## [What is being asked]
The response must consist of the lines below from the one with "Planted Pine Land" through the one with "Faceted Galvanised Planter", exactly as they appear and with both ends kept.

## [Extracted material]
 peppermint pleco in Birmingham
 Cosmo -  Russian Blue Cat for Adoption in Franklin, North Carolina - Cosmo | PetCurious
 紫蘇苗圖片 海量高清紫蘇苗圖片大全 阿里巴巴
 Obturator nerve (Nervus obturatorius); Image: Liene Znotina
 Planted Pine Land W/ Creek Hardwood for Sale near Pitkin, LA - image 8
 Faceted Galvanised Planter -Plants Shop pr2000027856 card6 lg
* * *
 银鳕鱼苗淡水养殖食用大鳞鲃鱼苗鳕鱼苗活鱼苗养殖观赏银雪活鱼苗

## [The completed task]
 Planted Pine Land W/ Creek Hardwood for Sale near Pitkin, LA - image 8
 Faceted Galvanised Planter -Plants Shop pr2000027856 card6 lg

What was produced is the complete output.